An examination of more than 5,600 air quality samples taken from the city’s subway system has found that the level of pollutants underground are within the occupational exposure limits mandated by the province.

The TTC began a comprehensive study of the air quality in its subway system back in 2017 following the publication of a Health Canada study which suggested that the particulate matter in Toronto’s system was 2.5 times higher than systems in Montreal and Vancouver.

The $825,000 study undertaken by the TTC involved the examination of 5,697 air samples.

According to a report that will go before the TTC’s board today, the study revealed that non-maintenance employees do not require respiratory protection as their exposure to particulate matter remains within the levels set out in the Occupational Health and Safety Act.”
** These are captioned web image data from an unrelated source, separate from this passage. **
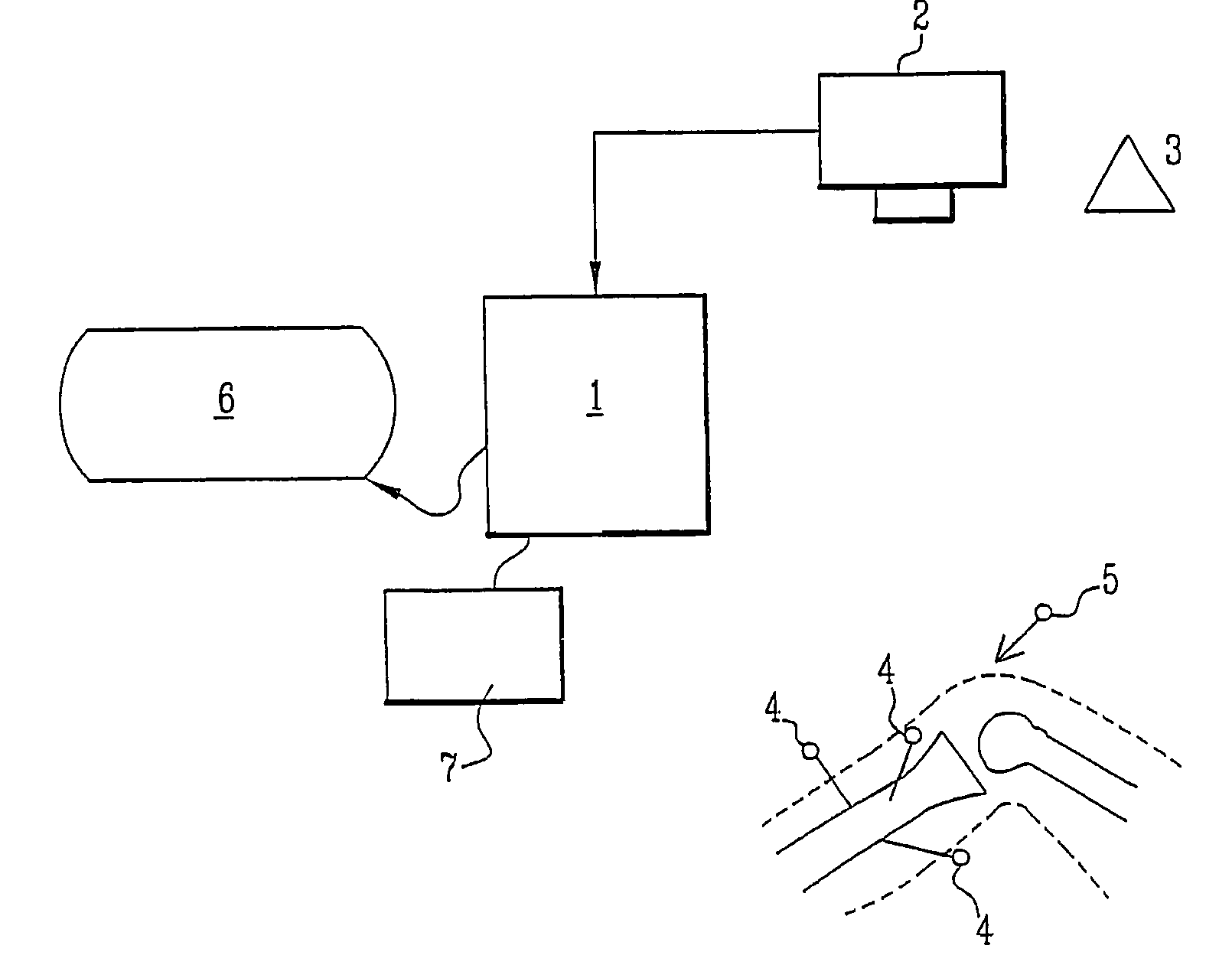 Methods for selecting knee prosthesis elements and device therefor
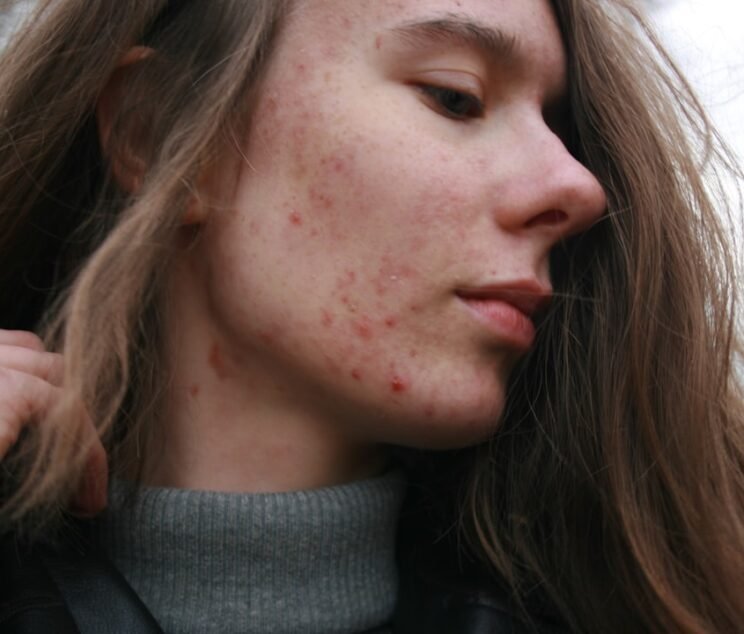 Person receiving professional dermatology treatment for skin concerns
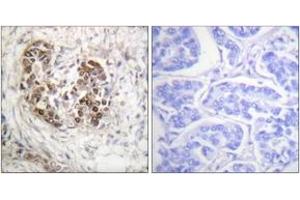 Immunohistochemistry analysis of paraffin-embedded human breast carcinoma tissue, using p53 (Ab-20) Antibody. (p53 anticorps  (AA 10-59))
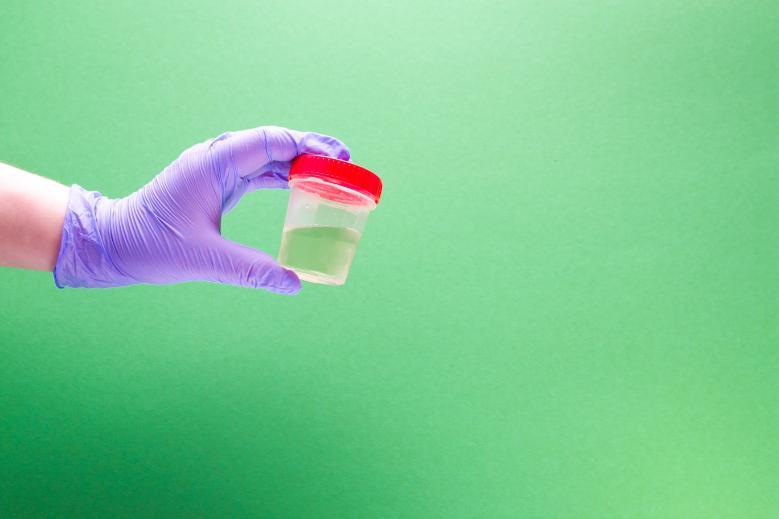 hand in a disposable medical glove holds a jar for analysis with urine, green background, copy space By Natasha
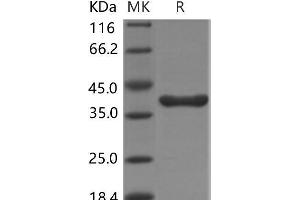 Western Blotting (WB) image for Arginase, Liver (ARG1) protein (MYC tag,His tag) (ABIN7317033)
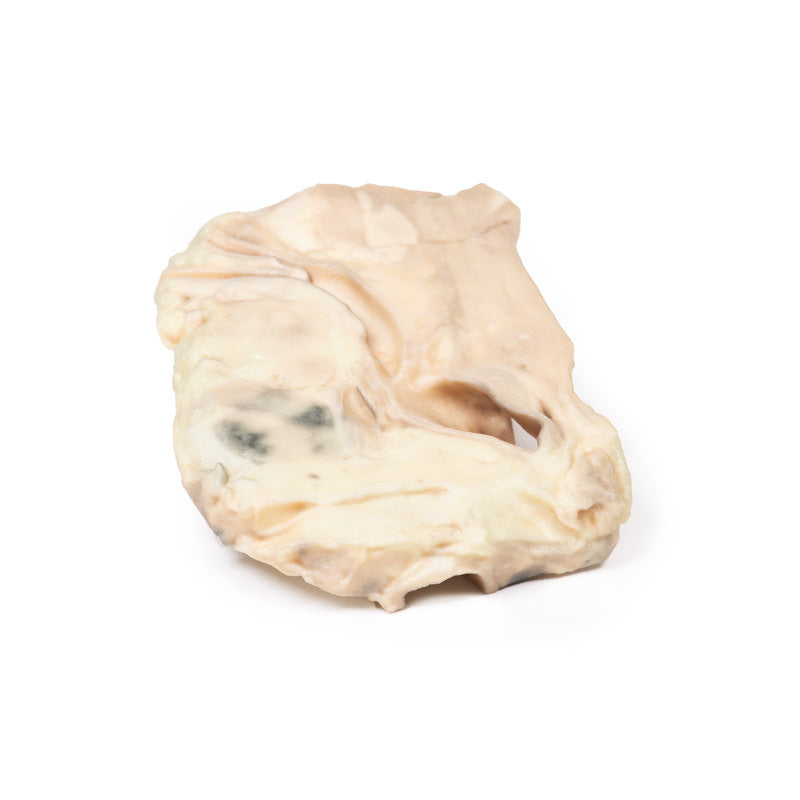 Luftrør – Hodgkins lymfom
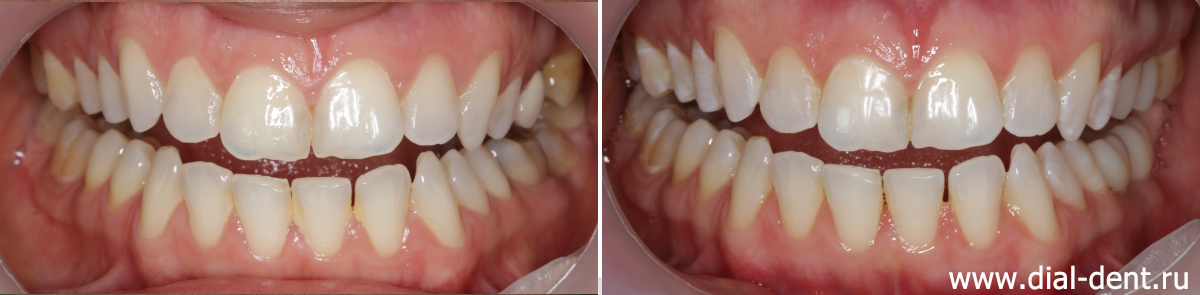 вид до и после имплантации и протезирования жевательных зубов
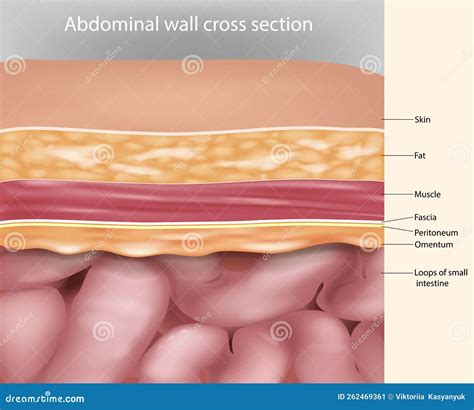 Abdominal Wall Cross Section Anatomy. Abdominal Wall Layers Cartoon ...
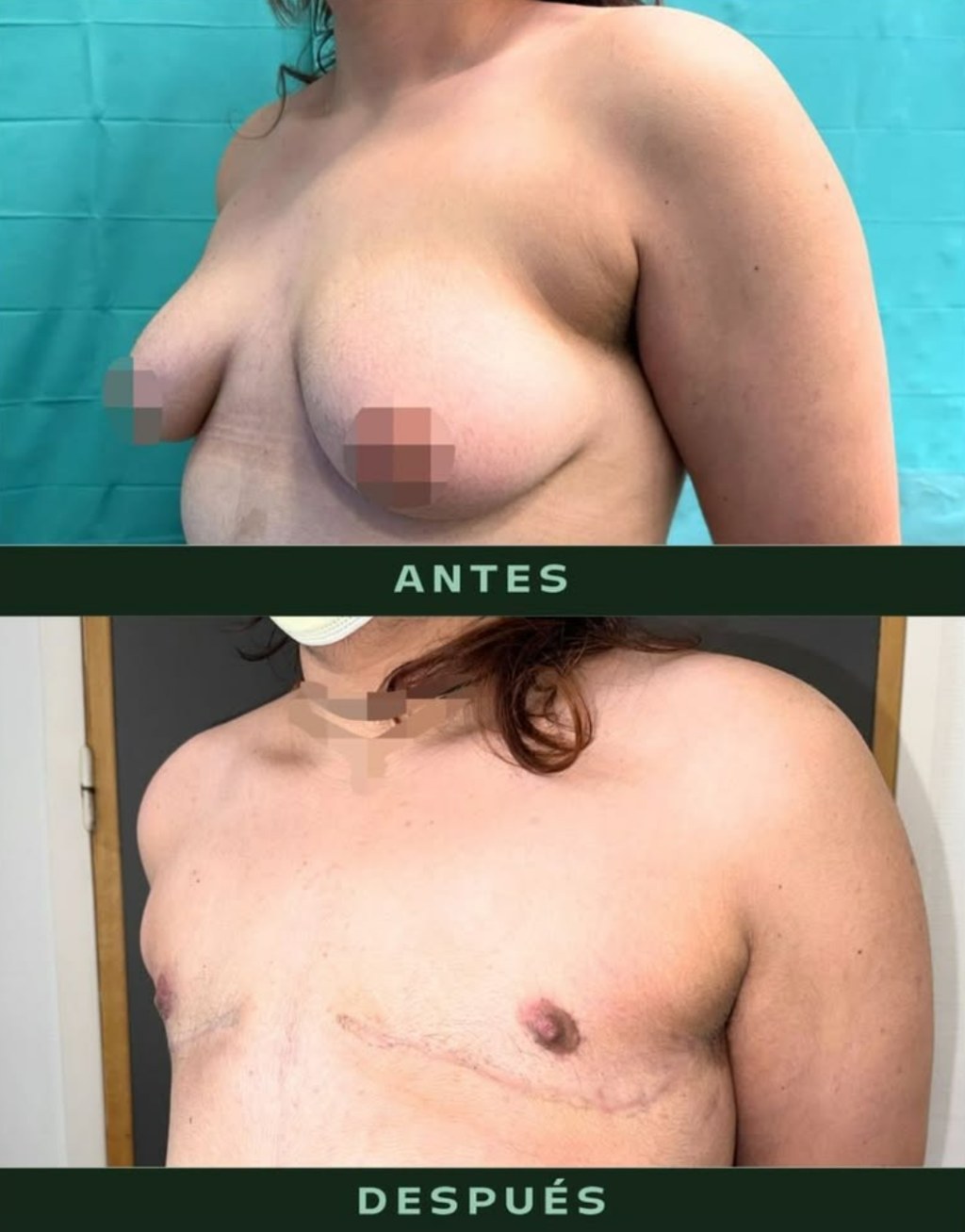 drmartinezalfaro-masculinizacion-toracica-9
The report says that only one maintenance group, who are already part of its respiratory protection program, are exposed to levels of pollutants which exceed the regulation, in this case “silica and inhalable particulates during structure maintenance activities.”

“These findings are generally consistent with the results of the 1995 Subway Air Quality Study, where none of the contaminants in the 280 plus samples collected were above the former or the current occupational exposure limits,” the report notes.

The union representing TTC workers has previously accused the transit commission of ignoring “longstanding concerns about subway air pollution” and has said that all subway employees should be allowed to wear respiratory masks.

The union has also criticized the TTC for going 22 years before comprehensive air quality studies.

“No matter what the TTC says, it’s unacceptable for subway workers to sneeze and cough out filthy black dust after a shift,” ATU Local 113 Secretary-Treasurer Kevin Morton said back in 2017.